#### INPUT DATA
----------
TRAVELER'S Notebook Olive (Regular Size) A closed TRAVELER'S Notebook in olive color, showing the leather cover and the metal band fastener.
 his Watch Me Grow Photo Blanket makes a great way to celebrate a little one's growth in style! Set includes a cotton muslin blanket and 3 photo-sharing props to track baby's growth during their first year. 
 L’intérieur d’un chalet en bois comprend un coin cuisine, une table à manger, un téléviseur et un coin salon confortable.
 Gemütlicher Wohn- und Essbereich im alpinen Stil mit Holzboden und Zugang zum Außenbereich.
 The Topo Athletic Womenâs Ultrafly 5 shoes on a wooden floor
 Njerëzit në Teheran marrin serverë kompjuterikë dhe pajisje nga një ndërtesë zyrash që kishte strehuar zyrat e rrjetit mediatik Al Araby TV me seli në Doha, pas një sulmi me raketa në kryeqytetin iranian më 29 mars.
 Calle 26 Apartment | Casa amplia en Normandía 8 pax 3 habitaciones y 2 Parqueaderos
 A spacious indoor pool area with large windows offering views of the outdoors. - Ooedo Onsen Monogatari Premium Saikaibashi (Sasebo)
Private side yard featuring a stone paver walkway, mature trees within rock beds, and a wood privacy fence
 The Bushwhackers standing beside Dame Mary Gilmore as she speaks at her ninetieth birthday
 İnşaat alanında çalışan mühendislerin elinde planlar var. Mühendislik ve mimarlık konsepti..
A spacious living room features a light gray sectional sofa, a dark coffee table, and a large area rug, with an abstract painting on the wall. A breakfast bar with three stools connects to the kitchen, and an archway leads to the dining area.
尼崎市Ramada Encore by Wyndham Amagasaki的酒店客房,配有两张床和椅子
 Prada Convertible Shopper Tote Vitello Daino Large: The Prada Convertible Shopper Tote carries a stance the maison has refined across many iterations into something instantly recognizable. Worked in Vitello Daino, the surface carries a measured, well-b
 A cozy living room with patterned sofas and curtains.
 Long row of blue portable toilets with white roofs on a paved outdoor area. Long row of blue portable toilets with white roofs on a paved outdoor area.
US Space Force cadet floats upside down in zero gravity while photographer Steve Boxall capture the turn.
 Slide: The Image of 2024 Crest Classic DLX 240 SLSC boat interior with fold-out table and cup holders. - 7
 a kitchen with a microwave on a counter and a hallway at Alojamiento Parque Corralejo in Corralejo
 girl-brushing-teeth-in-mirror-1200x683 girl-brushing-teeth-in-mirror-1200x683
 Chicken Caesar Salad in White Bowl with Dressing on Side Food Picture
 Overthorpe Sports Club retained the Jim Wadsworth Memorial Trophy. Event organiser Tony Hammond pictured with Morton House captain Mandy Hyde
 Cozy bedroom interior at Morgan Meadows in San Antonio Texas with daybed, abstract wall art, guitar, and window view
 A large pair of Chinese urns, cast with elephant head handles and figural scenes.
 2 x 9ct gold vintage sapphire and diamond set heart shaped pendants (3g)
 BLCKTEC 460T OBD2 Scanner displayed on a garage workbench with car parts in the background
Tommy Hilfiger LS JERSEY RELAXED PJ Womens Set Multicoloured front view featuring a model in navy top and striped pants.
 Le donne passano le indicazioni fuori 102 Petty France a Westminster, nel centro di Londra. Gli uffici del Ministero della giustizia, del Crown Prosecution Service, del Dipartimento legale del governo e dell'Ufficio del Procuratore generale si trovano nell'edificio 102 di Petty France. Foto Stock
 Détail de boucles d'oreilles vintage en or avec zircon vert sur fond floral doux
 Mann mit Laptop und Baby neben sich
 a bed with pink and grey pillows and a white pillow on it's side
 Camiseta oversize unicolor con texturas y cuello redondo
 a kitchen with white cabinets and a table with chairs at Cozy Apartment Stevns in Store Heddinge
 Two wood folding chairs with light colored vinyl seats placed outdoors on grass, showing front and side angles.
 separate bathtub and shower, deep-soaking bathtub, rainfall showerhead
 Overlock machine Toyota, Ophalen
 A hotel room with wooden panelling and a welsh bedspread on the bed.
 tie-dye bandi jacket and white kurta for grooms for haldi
----------
#### EXERCISE INSTRUCTIONS
Only the lines above from the line with "尼崎市Ramada Encore by" to the line with "Tommy Hilfiger LS", those two lines included, should be reproduced exactly.

#### WRITTEN RESPONSE
尼崎市Ramada Encore by Wyndham Amagasaki的酒店客房,配有两张床和椅子
 Prada Convertible Shopper Tote Vitello Daino Large: The Prada Convertible Shopper Tote carries a stance the maison has refined across many iterations into something instantly recognizable. Worked in Vitello Daino, the surface carries a measured, well-b
 A cozy living room with patterned sofas and curtains.
 Long row of blue portable toilets with white roofs on a paved outdoor area. Long row of blue portable toilets with white roofs on a paved outdoor area.
US Space Force cadet floats upside down in zero gravity while photographer Steve Boxall capture the turn.
 Slide: The Image of 2024 Crest Classic DLX 240 SLSC boat interior with fold-out table and cup holders. - 7
 a kitchen with a microwave on a counter and a hallway at Alojamiento Parque Corralejo in Corralejo
 girl-brushing-teeth-in-mirror-1200x683 girl-brushing-teeth-in-mirror-1200x683
 Chicken Caesar Salad in White Bowl with Dressing on Side Food Picture
 Overthorpe Sports Club retained the Jim Wadsworth Memorial Trophy. Event organiser Tony Hammond pictured with Morton House captain Mandy Hyde
 Cozy bedroom interior at Morgan Meadows in San Antonio Texas with daybed, abstract wall art, guitar, and window view
 A large pair of Chinese urns, cast with elephant head handles and figural scenes.
 2 x 9ct gold vintage sapphire and diamond set heart shaped pendants (3g)
 BLCKTEC 460T OBD2 Scanner displayed on a garage workbench with car parts in the background
Tommy Hilfiger LS JERSEY RELAXED PJ Womens Set Multicoloured front view featuring a model in navy top and striped pants.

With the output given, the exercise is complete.